Wednesday, May 28, 2008

Game over

I was standing there waiting for the train last night. The day was at that fitful moment when the sun is shifting into a lower gear. Not-quite-sunset. And as the train was pulling up, there was something in that moment that brought up the most frightening moment of mortality.

I don't usually worry about questions of the after-life. If the hellfire and brimstone preachers of my youth are right, I'm going straight to hell for any number of reasons. No big deal. The idea of hell doesn't really bother me. Not enough to make me straighten up and fly right, at least. And if the Buddhists are right, reincarnation seems more irritating than anything else; in a "Oh, crap. You mean I have to do this all over again?" sort of way. And the idea of "you live, you die, the End" isn't really that disturbing either. I can accept the Great Nothing.

But the thing that occured to me was, what if there is something after you die, but you only get to do it if you did well here? What if life is pass/fail? The chance could be that you get one chance to live here, and if you get it, really get it, then you get to go on. If not, it's the old "worms crawl in, worms crawl out" and nothing more. Like an arcade game where, if you play well you get to go on to the next level, and if you suck it's all over. And you only get one quarter.

For an agnostic like me, that's one scary proposition. I mean, what's the criteria for living well? Who gets to make that decision? Is it written in someone's holy book? Or is it just up to you to figure it out? Living well can mean a whole lot of things. There are some people who lived good, pure, productive, benevolent lives, and been miserable as hell from cradle to grave. And there are people who've been blighters and bastards their whole lives, who in the end die in peace because they've lived without fear or regret and tasted every forbidden fruit. Maybe only one of them had the answer. I'm not sure which one.
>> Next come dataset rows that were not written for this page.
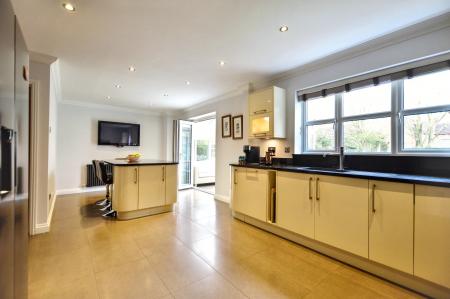 5 bedroom Detached house for sale in Templeman Drive, Bourne, PE9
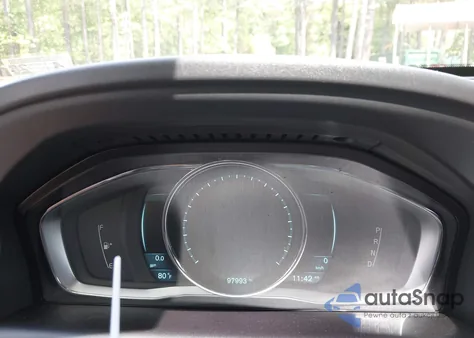 2014 Volvo Xc60 T6 R-Design Platinum z USA, uszkodzony, nr VIN YV4902DZ4E2555246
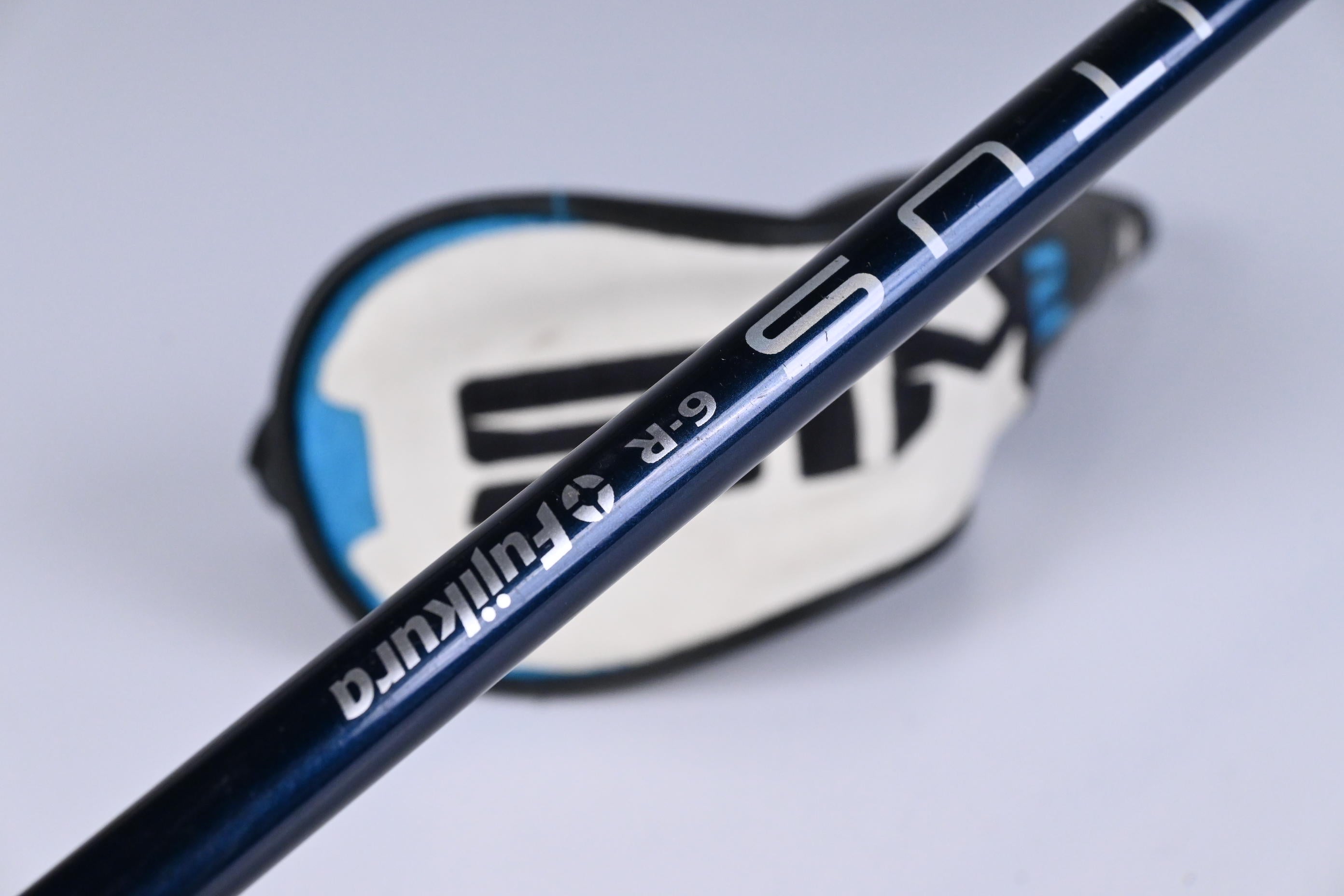 Taylormade SIM2 Max #3 Hybrid / 19 Degree / Regular Flex Fujikura Ventus Blue 6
Who knows? Maybe if I want to go to the next level, I should jump into Barney the Wonder Truck and drive out to Eldorado and see if Warren Jeffs is looking for a cell block wedding. I could be wife, what? 49? It might save my immortal soul. I'm guessing probably not. But it's not really the heaven or hell, saved or damned thing that disturbs me. It's that there might be a life after this. Something more. Another whole existence to live, to figure out, to experience. And if I don't figure this out, I won't get my shot at whatever that is. I hate missing out.